◆ Recorded information
○ ○ ○ ○ ○
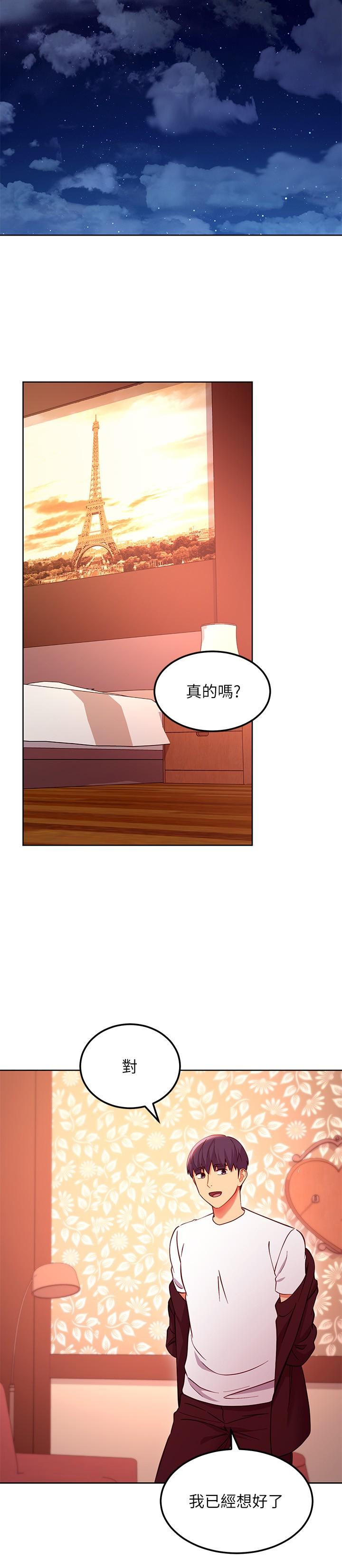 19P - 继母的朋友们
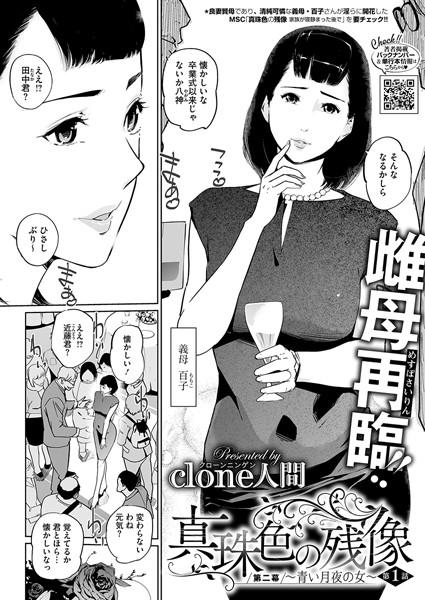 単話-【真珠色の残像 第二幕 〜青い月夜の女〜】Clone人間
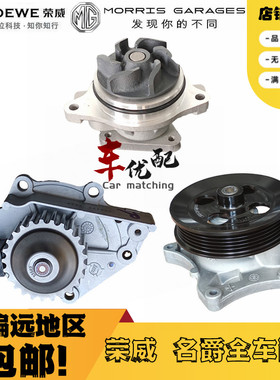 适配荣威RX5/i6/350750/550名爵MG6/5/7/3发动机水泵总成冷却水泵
○ ○ ○ ○ ○
◆ Work required
Print the whole listing exactly, please, and keep any images out of it.

◆ Answer below
 19P - 继母的朋友们
 単話-【真珠色の残像 第二幕 〜青い月夜の女〜】Clone人間
 适配荣威RX5/i6/350750/550名爵MG6/5/7/3发动机水泵总成冷却水泵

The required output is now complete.